I have posted a test WAV (on a onedrive) so that someone could perhaps have a look at it’s contents?

My initial question is about the space following the FMT does it need to be there?

https://github.com/electricimp/examples/blob/master/lala/lala.agent.nut
https://ccrma.stanford.edu/courses/422/projects/WaveFormat/
https://onedrive.live.com/redir?resid=A5E7D2270BBA9EC!309

MakeDeck · June 17, 2014, 12:38pm

There is a typo at line 160… should be sample_width, I believe. I think there is another bug when not using A-law compression as well. Tom is looking into it.

I do have working code to pull audio files from the Speech API though. I’ll share when its all working.

back_ache · June 18, 2014, 4:04am

Thanks for letting us know Tom’s investigating , I was planning on spending more time on it today!

MakeDeck · June 18, 2014, 7:54am

As it turns out, the Imp currently does not support playback of signed 16 bit PCM files. Tom filed a feature request to get this added, since it will encode signed 16 bit files. Until that is completed, the AT&T API won’t work. There is another API called ReadSpeaker that will output A-Law compressed files, and those will work. The AT&T API is pretty sweet, so hopefully that feature is soon added.

hugo · June 18, 2014, 2:22pm

The other way to do it is to use the agent to change the PCM files from signed to unsigned…

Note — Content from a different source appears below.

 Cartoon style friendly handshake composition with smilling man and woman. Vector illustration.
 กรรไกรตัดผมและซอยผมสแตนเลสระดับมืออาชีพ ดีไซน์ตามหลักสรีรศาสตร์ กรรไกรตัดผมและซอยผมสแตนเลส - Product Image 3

back_ache · June 19, 2014, 2:01am

How about using a webservice to convert the soundfile for you? google suggested https://cloudconvert.org/

jwehr · June 21, 2014, 2:53pm

I tried ReadSpeaker, which works fine, but you get a VERY limited demo account. I had a Lala board set up to tell say random things to me, but no more credits! I guess I’ll look into conversion.

back_ache · June 23, 2014, 8:31am

Or how about hosting an instance of espeak or other open-source TTS ?

http://www.babelfish.org/tts-free.htm

MakeDeck · June 23, 2014, 10:26am

I did some work with Cloud Convert, which might actually have some interesting uses for the Imp. You can convert wav to wav, but I don’t seen any options about changing the data from signed to unsigned.

It might be worth hosting one of those… we are still working on the Pix API though.